Whale and Dolphin Conservation (WDC) has been working to raise awareness of and reduce this threat, providing advice to members of the public on what not to do when in the water near whales, dolphins and porpoises, and what signs to look out for if they are disturbed.
For many people, encountering whales and dolphins whilst on the water is an amazing experience, but incidents of disturbance are increasing and many water users on jet skis, paddleboards or in kayaks simply do not know what the rules are or how to report incidents they do witness.
Disturbances in Cornwall alone have tripled in recent years (since 2014). Reports of jet ski incidents have included the harassment of 20 dolphins and their calves near Newquay, disturbance of sea birds at a nature reserve near South Stack, Anglesey, and a reported case of dolphin being disturbed in Cardigan Bay Wales. Volunteers with WDC’s Shorewatch citizen science programme who have been recording the presence of whales and dolphins at sites around the shore for over a decade, now also collect data on disturbance to better understand where these incidents are happening in Scotland.
‘UK seas are a special place for dolphins and whales, being home to more than 20 species, more than anywhere else in northern Europe’, says Dr Carla Boreham, director of campaigns and policy. ‘A good encounter is one that is enjoyable for you and does not harm the whales or dolphins.’
‘Whilst the new law changes around jet ski use are welcomed, we are calling for disturbance of marine mammals to become a notifiable offence in England and Wales so that official Home Office records are kept of these offences, enabling better understanding over time of problem hotspots and where to direct police resources.’
Mark Harrison, Detective Sgt, National Wildlife Crime Unit (NWCU) says:‘As the holiday season gets underway, more people will be heading to our coastline to enjoy the beaches, the scenery and the wildlife.
‘It is great to see people getting outside and connecting with nature but it is important to remember that wildlife needs space.
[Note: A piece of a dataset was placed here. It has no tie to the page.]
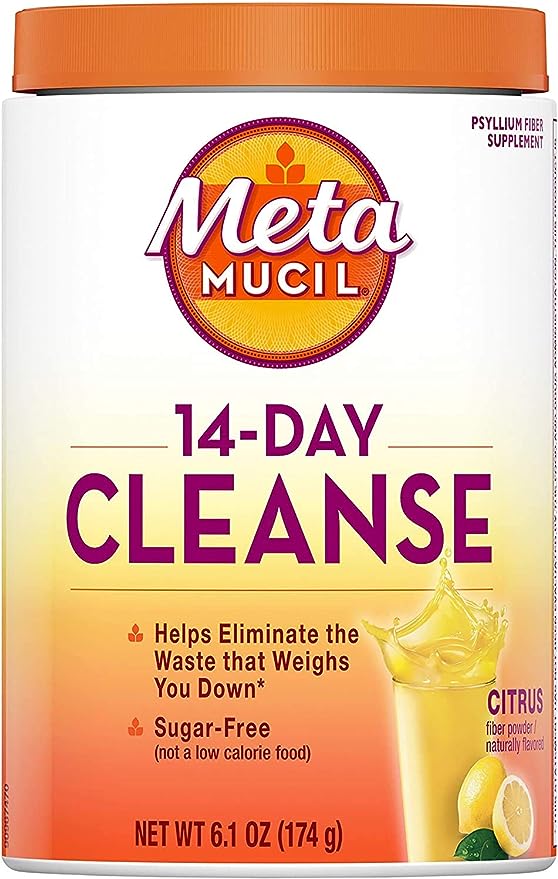 Metamucil, 14-Day Cleanse,  Sugar-Free, Citrus Flavor, (6.1 OZ)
By intruding, getting too close and disturbing whales, dolphins and other marine wildlife, people could affect the health of these creatures, preventing them from eating, breeding and raising their young. I would rather prevent a crime than investigate one.’
Public information on this issue can be found on our website.
All suspected cases of disturbance should be reported to the police on: 101. Tell the operator that you are reporting a wildlife crime and ask for an incident number to ensure that reports can be tracked. Provide as much information as possible, including:
- the date, time and location of the disturbance
- the behaviour of any vessels and of the whales and dolphins before, during and after the event
- if possible, the species involved
- the duration of the interaction
- any identifying features of the people or vessel involved, such as the boat name and the clothes worn.